This is predominantly an academic concern however, since any timber rattler you encounter will be a large, fast snake with long fangs that will certainly deliver a massive dose of venom.

Any bite from a timber rattler is a life-threatening event and you must act at best speed if you want to survive.

Tiger Rattlesnake

  • Latin name: Crotalus tigris
  • Range: Extreme southwest U.S. only (Arizona) into Northern Mexico.

The tiger rattlesnake is one of the smallest in the US, easily identified by its variably striped appearance, mottled coloration, proportionally small, shovel shaped head and dark stripes on its cheeks.

Averaging only 2 feet long and weighing right at a pound, this is one species of rattlesnake that some people would foolishly underestimate.

But be warned, this small and rare rattlesnake packs a terrible wallop: it is the third most venomous snake in the entire Western Hemisphere, and its venom is another multispectral toxin that makes it extremely difficult to treat. 

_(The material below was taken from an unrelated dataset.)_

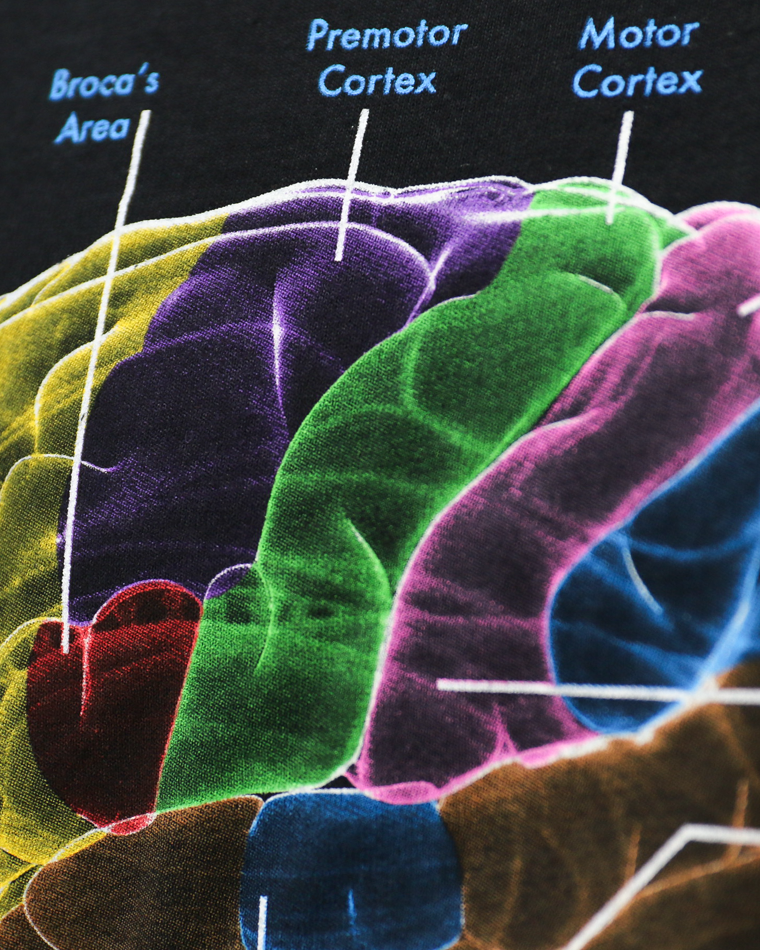 Cotton Expressions Glow Brain T Black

The snakes are also notable for being unpredictably active during different seasons and changing weather, and while a terrestrial species have also been widely reported climbing brushes, scaling cliffs and even swimming.

Like most rattlesnakes they are fairly reluctant to strike, but are easily roused to anger when startled or threatened.

This is another snake that features a bite that can be deadly to the foolish: it does not produce or inject much venom compared to some of its cousins, but when it does bite it might not immediately result in pain or symptoms at first but is nonetheless.

Nonetheless, antivenin treatment in the immediate aftermath of the bite is essential to assure a good outcome.

Eastern / Western Coral Snake

  • Latin name: Micrurus fulvius/Micruroides euryxanthis
  • Range: Range: American South, from Eastern seaboard to as far west as Arkansas and Texas.

The Coral Snakes of the United States are easily identified by their bright coloration, consisting of large black bands that are bordered by thin yellow bands before transitioning to large red bands.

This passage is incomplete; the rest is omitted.